Redenominasi tak Perlu Tergesa-gesa

Rep: Eko Supriyadi/ Red: Bilal Ramadhan
Redenominasi
Foto: bank indonesia
Redenominasi

REPUBLIKA.CO.ID, JAKARTA -- Peneliti Institute for Development Economics and Finance (Indef) Bhima Yudistira menilai, momentum redenominasi tidak bisa dilakukan tergesa gesa. Hal tersebut belajar dari negara yang berhasil seperti Turki, Rumania dan Argentina. Menurut dia, setidaknya ada tiga syarat yang harus dipenuhi untuk melakukan redenominasi yaitu nilai tukar stabil, inflasi terkendali dan fundamental perekonomian harus dalam kondisi yang baik.

"Dalam konteks saat ini, perekonomian Indonesia masih mengalami berbagai tantangan termasuk penurunan daya beli, dan rendahnya pertumbuhan industri pengolahan,'' kata Bhima, saat dihubungi, Jumat (21/7).

Sebab, katanya, pertumbuhan ekonomi juga masih berada di kisaran 5 persen, Inflasi sampai akhir tahun diprediksi mencapai 4.5 atau lebih tinggi dari tahun lalu. Nilai tukar juga beresiko melemah hingga Rp 13.500 di pengujung tahun 2017.

''Kalau redenominasi dilakukan secara terburu -buru, justru kepercayaan masyarakat menjadi menurun,'' ujar dia.

Bhima menjelaskan, redenominasi juga membutuhkan persiapan dan sosialisasi yang lama. Ia mencontohkan, Turki memulai pembahasan di 1995 dan mulai melaksanakan redenominasi di 2005, sehingga minimum persiapannya selama10 tahun.

Persiapan tersebut terutama berkaitan dengan sistem transaksi jasa keuangan, perusahaan dan lainnya. Karena transisi sistem ini cukup menelan biaya bagi pelaku usaha. Kemudian, masih ada sekelompok masyarakat yang menganggap redenominasi sebagai sanering atau pemotongan nilai mata uang.

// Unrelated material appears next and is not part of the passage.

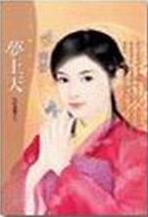 梦上天TXT全集封面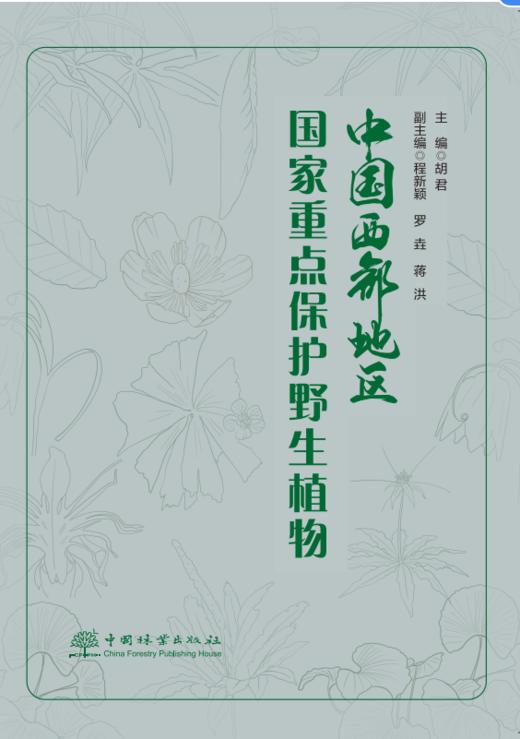 中国西部地区国家重点保护野生植物 1710 商品图0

Belajar dari pengalaman itu, Bhima menuturkan, edukasi ke masyarakat harus dilakukan bertahap terutama di pedesaan agar tidak menimbulkan gejolak. ''Waktu 10 tahun itu bisa digunakan untuk melakukan sosialisasi,'' jelas dia.

Bhima menambahkan, redenominasi juga perlu disertai penguatan daya beli. Sebab percuma kalau dilakukan redenominasi daya beli masyarakat dalam kondisi menurun. Ujungnya, kalau daya belinya lemah, nilai mata uang rupiah akan menurun, misalnya terhadap dolar setelah redenominasi.

Nilai intrinsik mata uang jauh lebih penting dibandingkan hanya perubahan nilai nominal. Belajar dari kegagalan Zimbabwe dan beberapa negara lain, poin pentingnya adalah memperkuat fundamental perekonomian.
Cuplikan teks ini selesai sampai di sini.